Artificial intelligence is used in almost every major industry nowadays, at least in some capacity — social media giants use it to manage their platforms, and car companies use it to improve their autonomous driving systems. All of these use cases are relatively obvious, and it isn’t hard to see why companies are taking advantage of machine learning to boost their operations.
However, AI is also being used in some places you might not expect. To name one, Asus is using the tech to improve the effectiveness of its latest headset’s noise-canceling functionality. The device, dubbed the ROG Strix Go 2.4, uses algorithms to draw on a “massive, deep-learning database” that can “identify and counteract” environmental noises.
Asus says these noises include the likes of keyboard clatter and background discussion between people, but we wouldn’t be surprised if other sources of sound — such as a room fan, A/C unit, or dog bark — were tuned out as well. You can hear some samples of the ROG Strix Go 2.4’s noise-canceling features on Asus’ website.

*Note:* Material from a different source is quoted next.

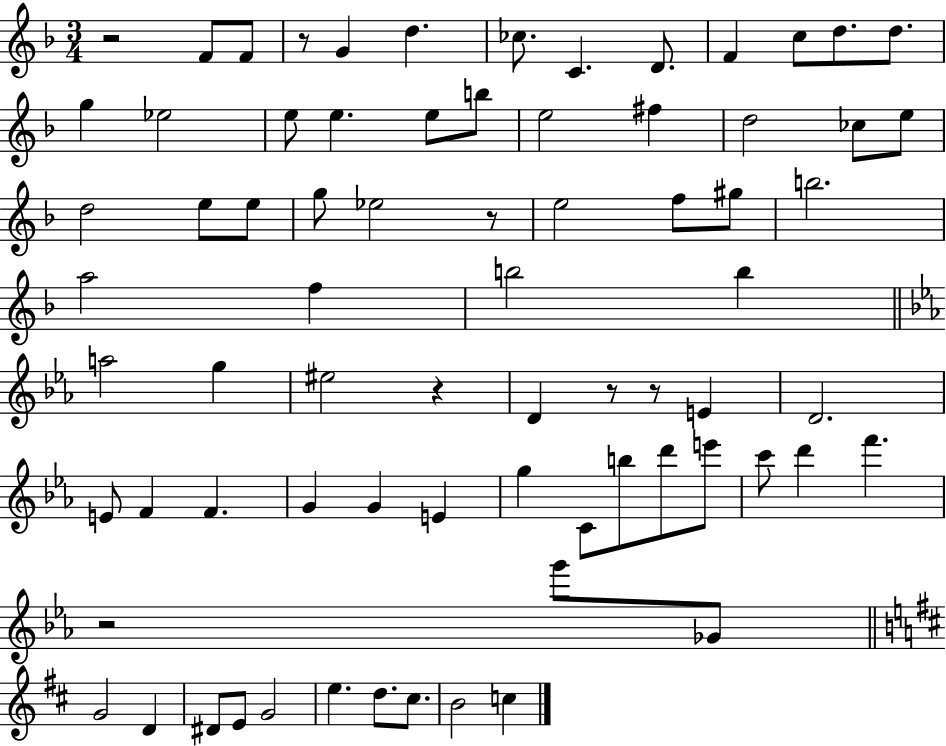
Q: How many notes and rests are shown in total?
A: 74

The microphone in question is detachable and can be easily hidden when not in use. The ROG Strix Go 2.4 itself has a simple black design, and it appears to be constructed from a mixture of metal, plastic, and faux-leather, as many modern gaming headsets are. The headset is also wireless, with up to 25 hours of battery life on a full charge (or three hours on a quick 15-minute charge).
We can’t speak to the level of comfort offered by the Strix Go 2.4 without trying it for ourselves, but given that it’s expected to cost around £159.99, you can probably expect fairly well-cushioned earcups. If you’re concerned about keeping the headset itself comfortable, it ships with its own carrying pouch, with built-in pockets for accessory storage.

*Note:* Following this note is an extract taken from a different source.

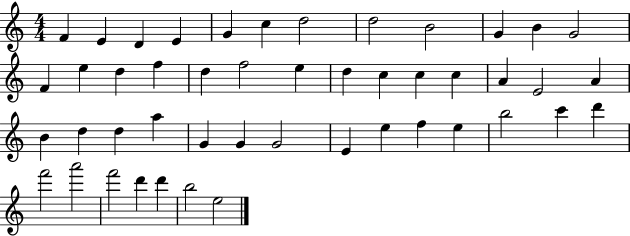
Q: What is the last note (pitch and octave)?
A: E5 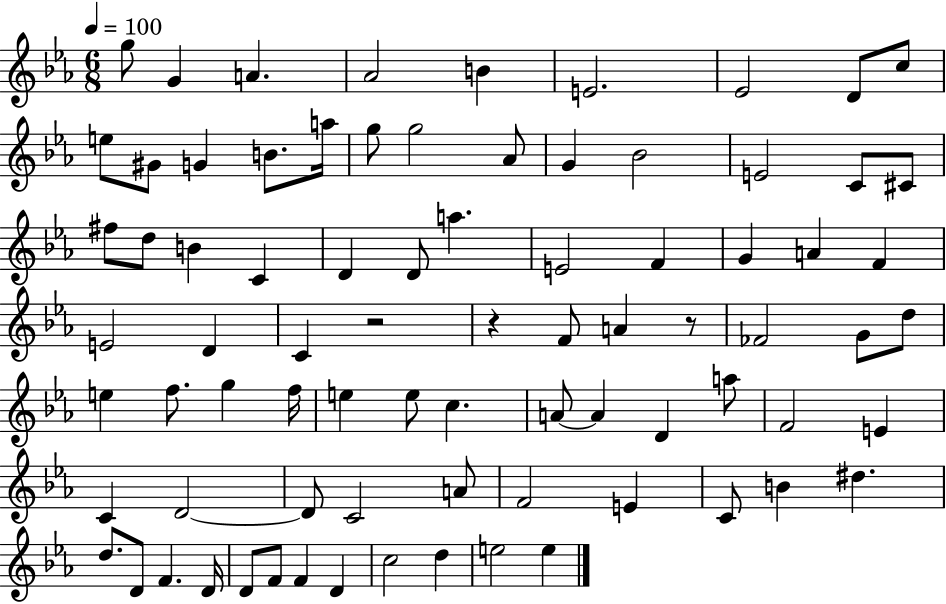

As far as sound goes, Asus promises “perfect wireless audio,” courtesy of the Strix Go’s “lag-free” 2.4GHz connection, and 40mm Asus Essence drivers. There’s Hi-Res audio playback support, but only while the headset is plugged in via its included 3.5mm cable.
If you’re eager to get your hands on the headset, you might have to wait a while. While it is technically set to launch next month, Asus has been tight-lipped about specific launch regions — we don’t know when (or if) it will come to the US, nor do we know how much it might cost in USD. We’ll update this article if any new information comes to light.